Hah! I agree: there's practically zero money in reshafts unless you get
full retail plus labor plus spining, freq-ing, weighting etc. All that
takes too much time.

But regrips? Easy money. Loft and lie? Easier money. I paid for my Scotland
machine in a couple weeks (sold it recently - sorry I did).

I haven't been doing much club work of late. Some grips, some shafts, but
that's about it.  Our pro hired a kid who's killing them at the club. $8 to
$10 regrips, $7 angle adjustments, $20 - $25 to shove a new shaft in a
driver head. More power to him. Hell of it is nobody's complaining. If that
was me a few years ago customers would be leaving in droves.

I still have my old "Tempo Trainer" that's always worked well. Swing speed
and swing tempo measured easily.

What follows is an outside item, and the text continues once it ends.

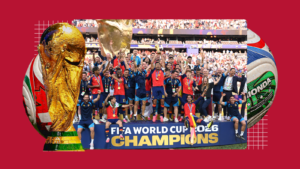 FIFA World Cup 2026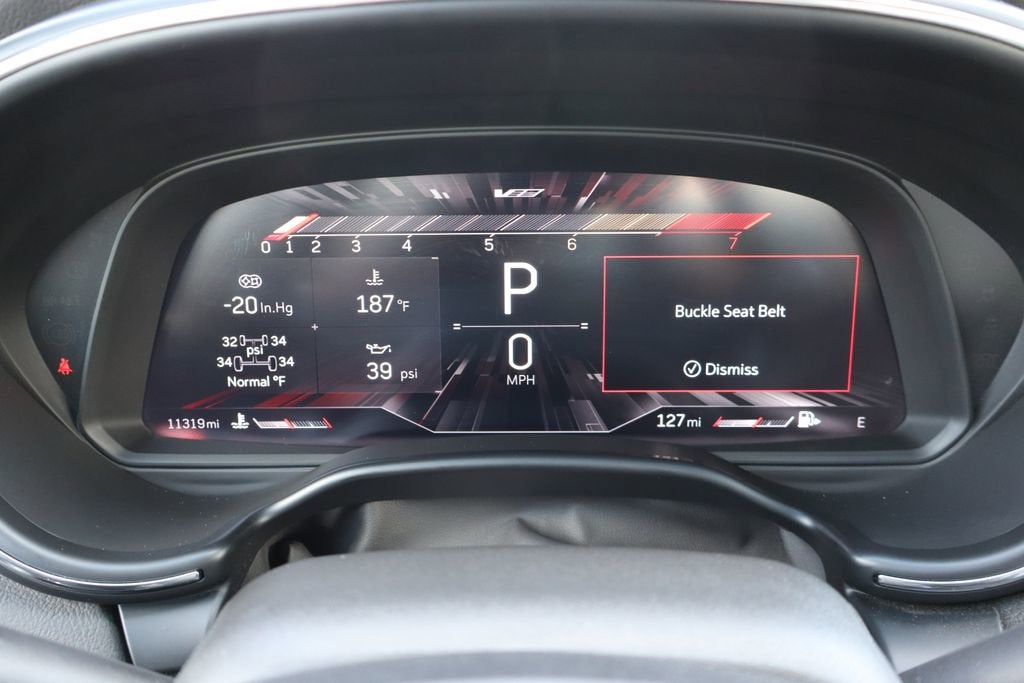 2023 Cadillac CT5-V Blackwing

Frankly, there isn't much use for it these
days but I still check out a few players occasionally - free, of course.

Ah well - retirement's pretty good.

Tflan


> "From this I got much satisfaction and no profit but it gave me something
> to do on cold days off season to satisfy the lunch crowd that just wanted
> to kick some tires, hit a few balls or pick my brain."
>
>
>  "Fortunately, I never invested in a launch monitor to satisfy my
> customers. That's why I call the launch monitor a lunch monitor.
> Biggest profit center for me was regripping, installing ProSoft Inserts,
> lengthening and shortening clubs and bending irons."